The opposition acknowledges that the member for Dobell may face proceedings, and he is absolutely entitled to the presumption of innocence with respect to those proceedings. But there are other matters that the member for Dobell has faced which are not on-foot, which are concluded and about which the parliament deserves an explanation—and neither the public nor the parliament has received that explanation. Again, even if the Prime Minister were to offer an explanation as to, for example, why $90,000 of funds of members of the Australian Labor Party has been put to settling a defamation action which was promptly then cancelled and the money used to disburse legal costs, even if the Prime Minister were to account today for why that occurred, I doubt that many Australians would be listening to hear—because they have ceased to trust her and her government.
The matter of public importance motion that has been moved today again draws attention to this government's maladministration. Again, in just a few minutes it is impossible to do more than scratch the surface of that—broken promise after broken promise, botched execution of a scheme after botched execution of a scheme. The figures entailed in these failures of administration almost boggle the mind. On the government's own appointed assessor's view, for example, of its BER scheme, the Building the Education Revolution scheme, we hear that waste in public schools in New South Wales and Victoria alone cost $1.53 billion—a loss of effectiveness of $1,530 million has been squandered by this government on their own independent commissioner's assessment.
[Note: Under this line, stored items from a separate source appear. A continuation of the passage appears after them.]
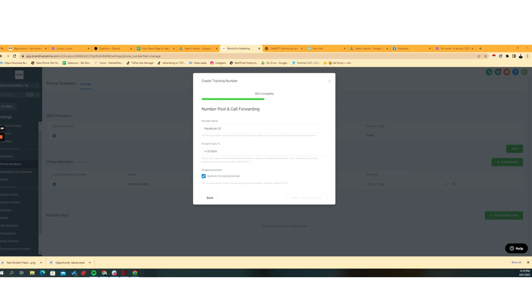But the swapping number is a little bit different. It's harder to kind of understand. But the swapping numbers are the main numbers that will be shown on the funnel, the ad or whatever. And then you've got the pool numbers, which are the ones that actually are used for tracking. So by default, we leave it as the same as the forward number. Let's go to the next step.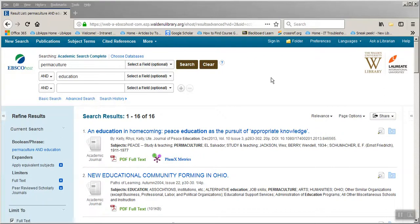This is a short video that will show you how to save items from the Walden Library databases into your Zotero library. To do this, you need to have Zotero open on your computer and you need to have done a search in one of the library databases. I've done a search in Academic Search Complete for Permaculture Education.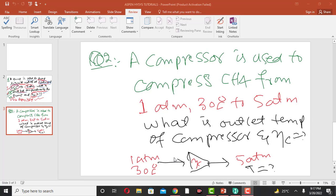Hello everyone, welcome to Spanheis's Tutorials. This is the second lecture relative to compressor.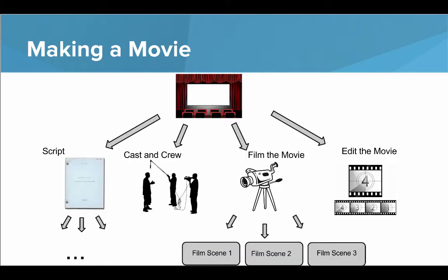Say you were making a movie — that's a big task. So you break it down into smaller problems: writing the script, getting the cast and crew, filming the movie, editing the movie. Then you take those smaller problems and break them into even smaller parts. For example, filming the movie is still a big part, so you break it down into filming scene one, scene two, and scene three. That's the strategy behind top-down design and decomposition.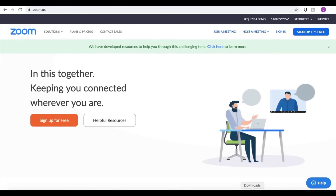The very first thing you'll need to do, if you don't already have Zoom downloaded as an app on your computer, is go to the Zoom website. Go to zoom.us and it will take you to a page where you can sign up for free. Once you sign up, it will prompt you to download the app onto your computer, and you'll always be using Zoom through the application.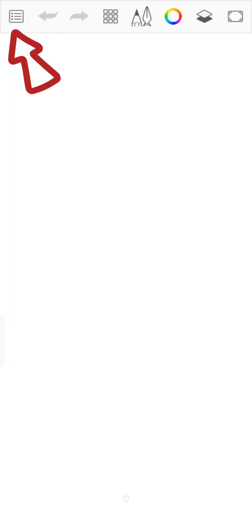Now to change canvas size in Sketchbook, click on the menu icon at the top left corner of the screen. From the drop down option, click on New Sketch.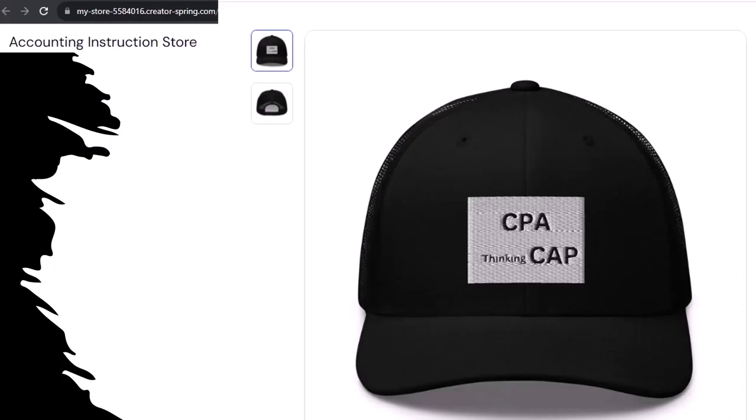Like this CPA thinking cap, for example. CPA thinking CAP, you see what we did with the letters? And this CPA thinking cap is not just for CPAs either. Anyone can and should have at least one possibly multiple CPA thinking caps. Why?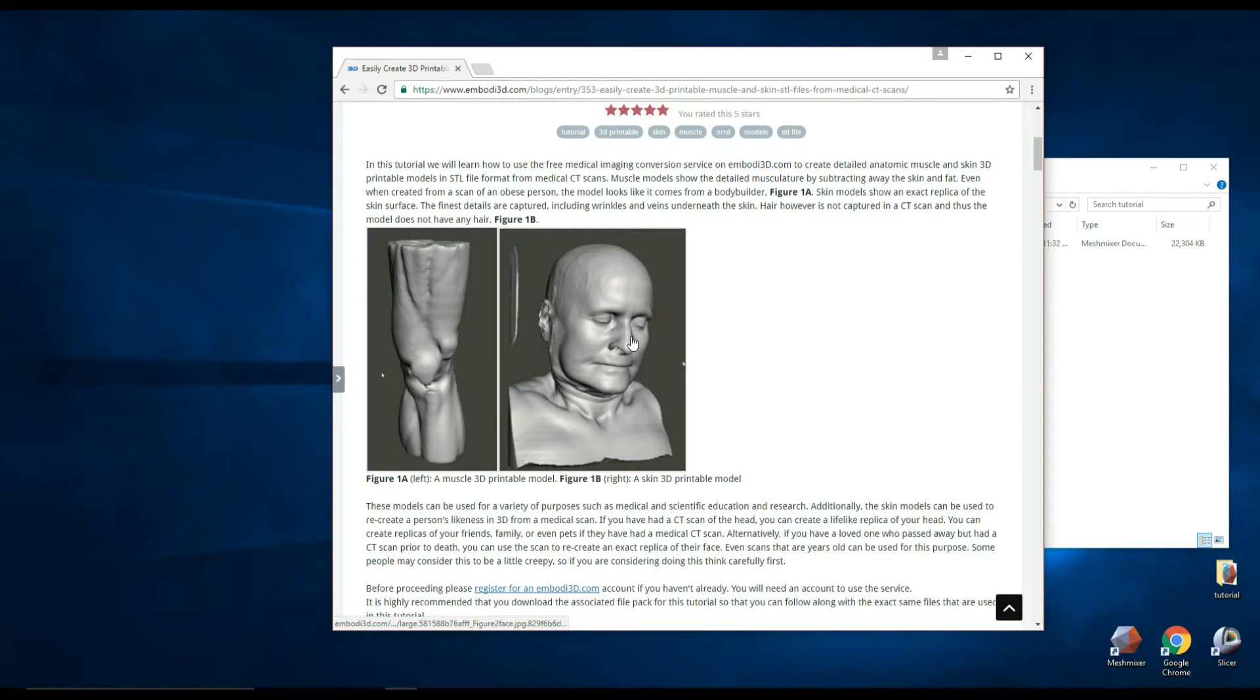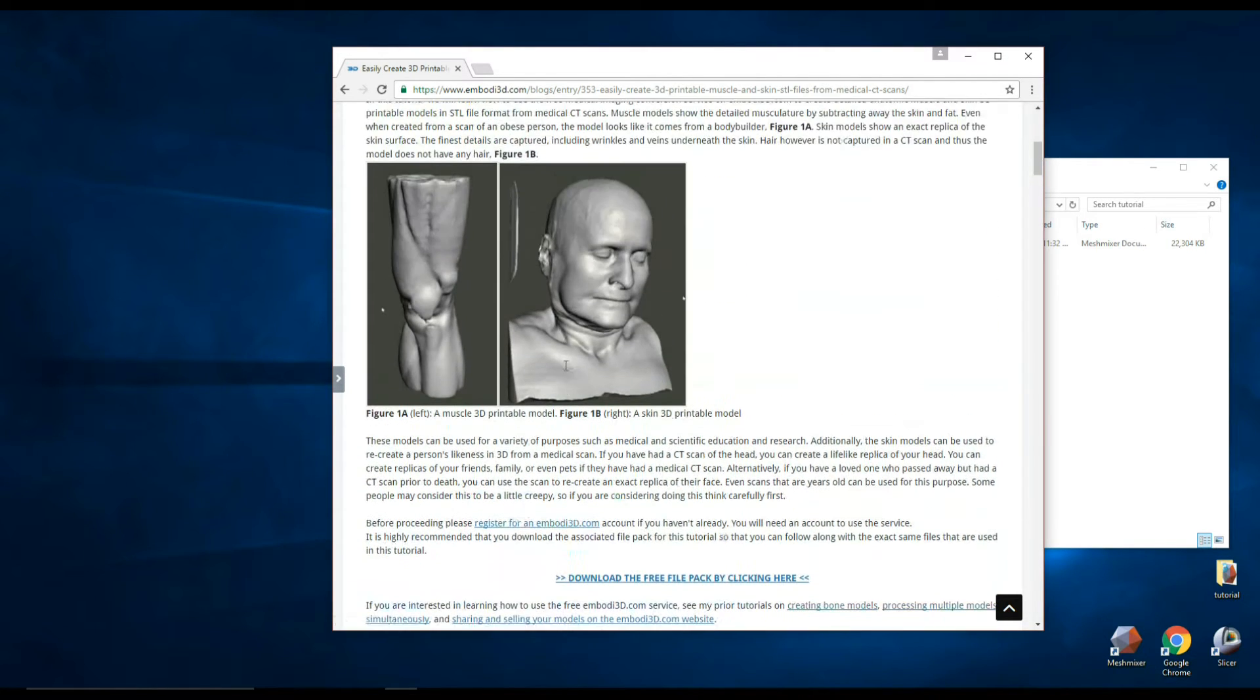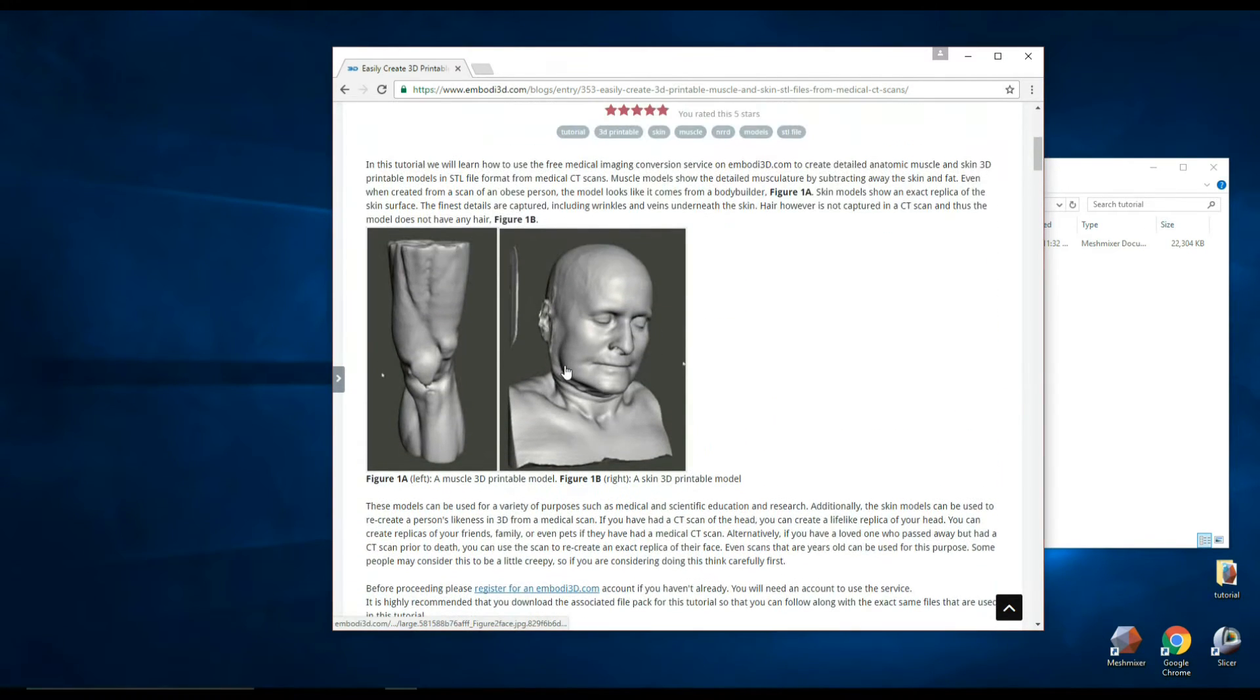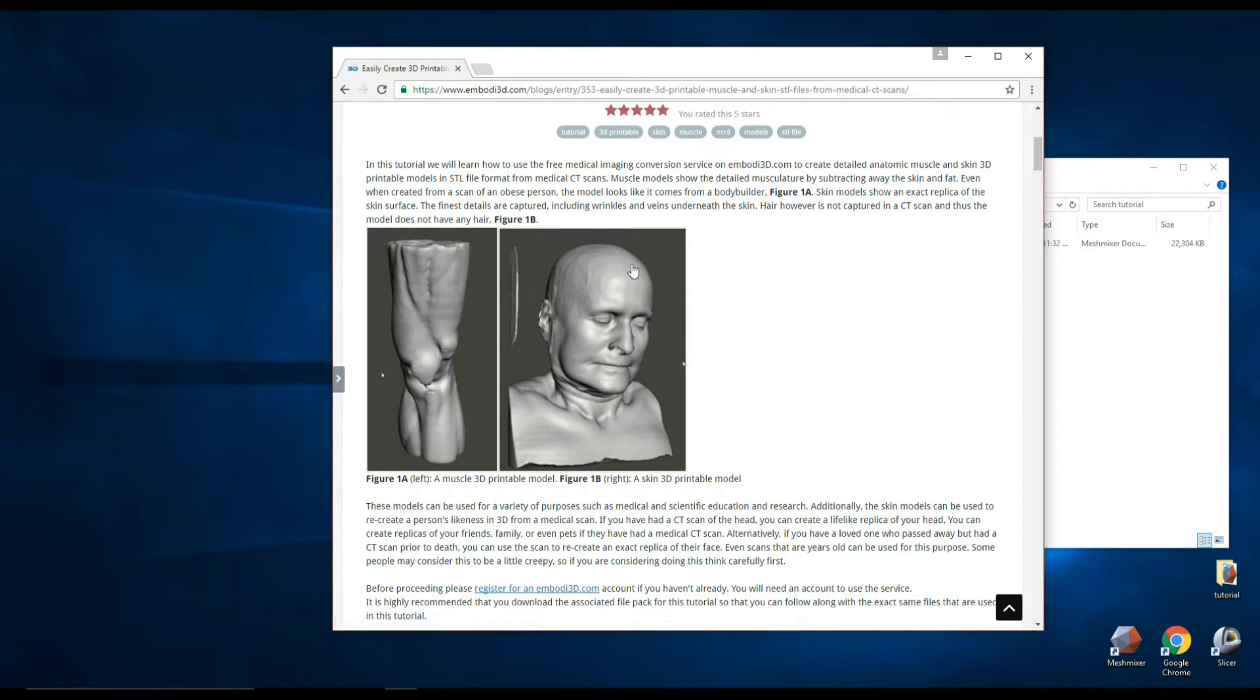I've received a lot of interest about my last tutorial which is how to make 3D printable muscle and skin files from medical CT scans. You can see that these are some of the files that we made. People have asked me how they can create a hollow shell from these models.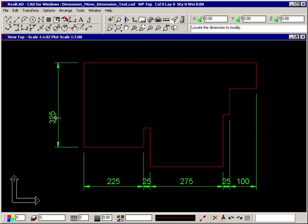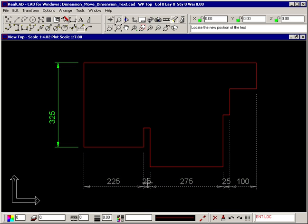This command can still be used for dimensions that were inserted in sequence and therefore treated as one long dimension. Again, click on the dimension text that you want to move. The text you selected is identified within the dimension and only it will be moved.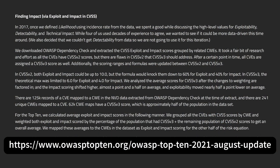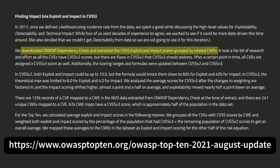So where does OWASP get the risk data for the OWASP Top 10? CVEs. They used CVSS scores from CVEs. To be specific, they downloaded OWASP Dependency Check and extracted the CVSS Exploit and Impact scores grouped by related CWEs, then calculated the average CVSS scores for the CWEs in each of the OWASP Top 10 categories and used those averages to create an ordering.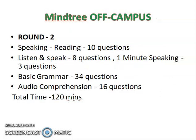Round two will be an English test basically. They will test your speaking, communication, and overall English. In speaking and reading there will be 10 questions, in listen and speak there will be 8 questions, in one-minute speaking there will be 3 questions, in basic grammar you will have 34 questions, and in audio comprehension there will be 16 questions. In total you will have 120 minutes in round two, meaning round two will be two hours.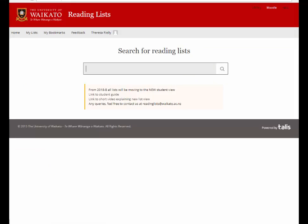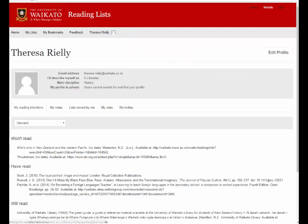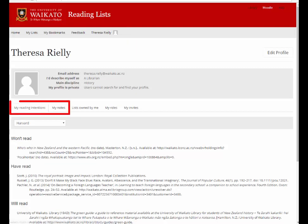Once created, you can get to your profile page by selecting your name then 'View Profile'. You will be able to see your reading intentions and your notes.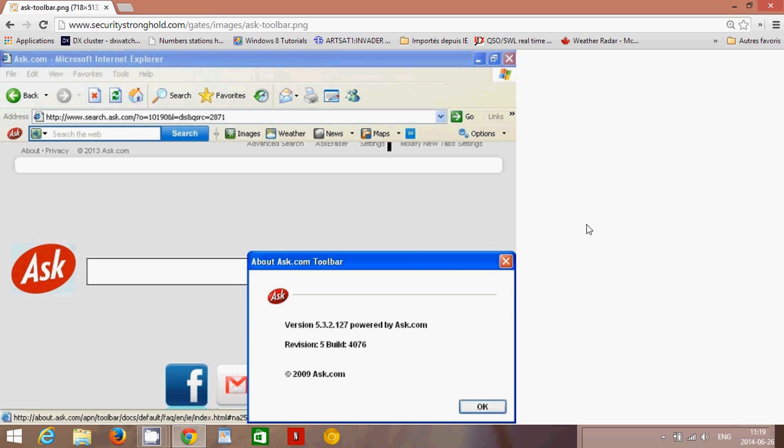So if you don't need Java, don't install it, first of all. And second of all, if you have it installed, go and uninstall Java. You don't need that in general.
Yet these days it almost does not register with the Australian community because its level of waste and mismanagement is of such a scale that that figure almost means nothing. The $50 million wasted on the pink batts scheme is small fry in comparison with that; the $67 million wasted on the set-top box program; the concern in the community about the $25 million to sell a carbon tax before the scheme has even passed the parliament and even before people understand what is entailed in the scheme; and there is the $7 million wasted on market research testing federal government policies. We do not need market research to know what is happening to federal government policies. Then there is the abject failure, the smoking ruin, of a policy that the government's so-called Malaysian solution represents. This has again simply reinforced the sense that this government has reached a gold standard when it comes to broken promises and maladministered schemes.
I am concerned about these things because the value of Australian government, the authority of Australian government, is an important asset that everybody in this chamber ought to protect. At the end of the day, whoever takes responsibility for the Treasury benches needs to be able to deliver a certain number of programs and actions through the credibility of being the government of the country. I do not know that anybody can occupy the Treasury benches of this country anytime soon and look the Australian people in the eye and command that kind of respect, precisely because of the way in which this government has trashed that authority and debased that currency.